Des études menées par UFC-que-choisir montrent que le montant de la prime des certaines opérations CEE est parfois dérisoire comparé au prix total des travaux, ou bien dérisoire comparé au montant des autres aides. Pourtant, les artisans professionnels accusent le dispositif de fournir des subventions abusives, risquant d’atteindre leur chiffre d’affaire. La DGEC explique que seules les opérations concernant des ménages en état de précarité énergétique font l’objet de primes conséquentes : il s’agit de fournir un financement incitatif. Les arguments de la DGEC sont que si on ne donne pas la gratuité à ces gens, ils ne feront jamais les rénovation. 

La CAPEB se plaint aussi de l’image qu’a le dispositif des CEE mais l’ATEE décide de ne rien faire car elle ne veut pas brusquer les adhérents, donc ne peut pas durcir le dispositif. Cependant, il faudrait bien plus de contrôles pour éviter les dérives. Seulement, ceci implique que les délais de délivrance des CEE augmenteraient encore davantage.

Ce que j’aimerais et qui me semble adapté, est de mettre en place un programme pour contrôler le dispositif. S’il était encadré en terme de prix (autour de 5€ -7€ mais avec des variations possibles), il n’y aurait plus d’effet d’aubaine ni d’effet pervers (fraudes et autres).
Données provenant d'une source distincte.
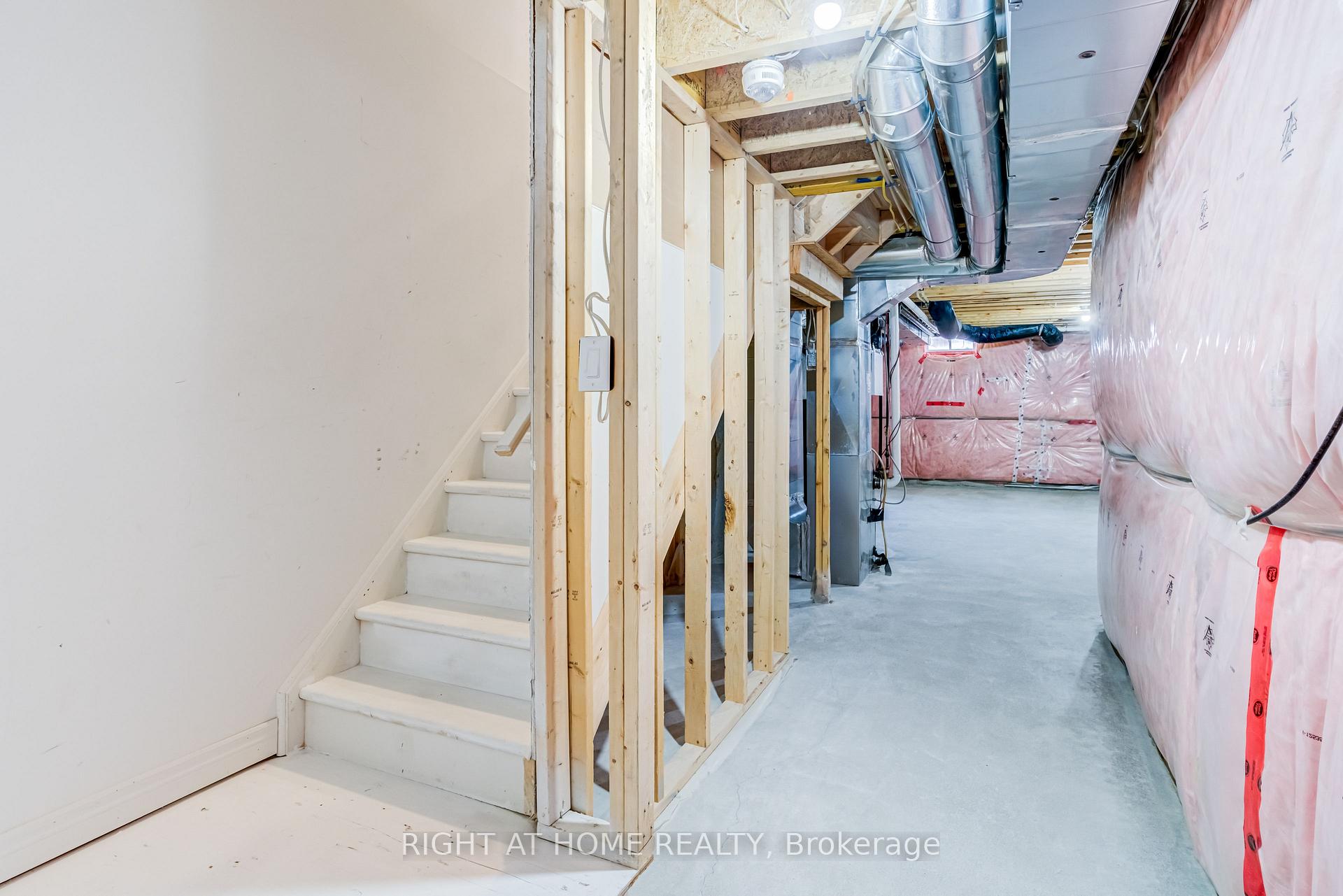 Photo 43 of 50 Collier Crescent, Markham, Wismer — HOMEH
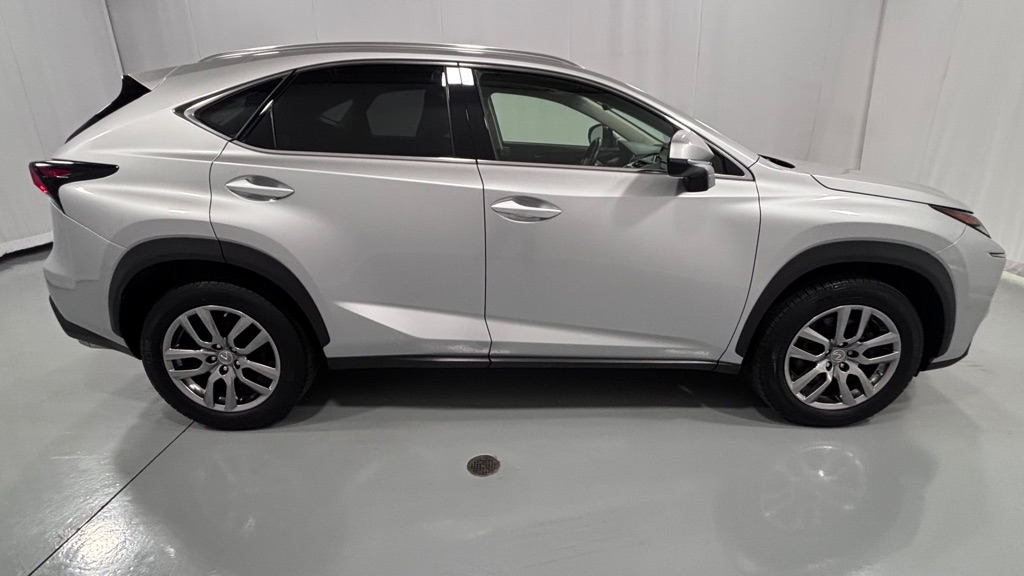 Photo 4 of this LEXUS NX 200T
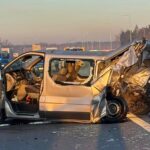 Na S17 Daily zmiażdżyło stojącego na marginesie minibusa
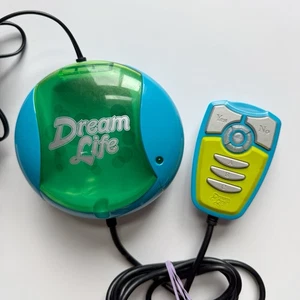 Dream Life Plug and Play Video Game 2007 Hasbro Connected Remote RARE - Picture 1 of 9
Pour les aides supplémentaires à la précarité, il faut qu’elles soient faîtes avec des contrôles verrouillés pour assurer une bonne organisation et une bonne qualité, sans quoi le système n’a pas d’utilité.

Entretien avec un membre de l’ATEE

De leur point de vue respectifs, l’argent est pour l’instant mal investi pour les différents acteurs, qui considèrent différents gagnants.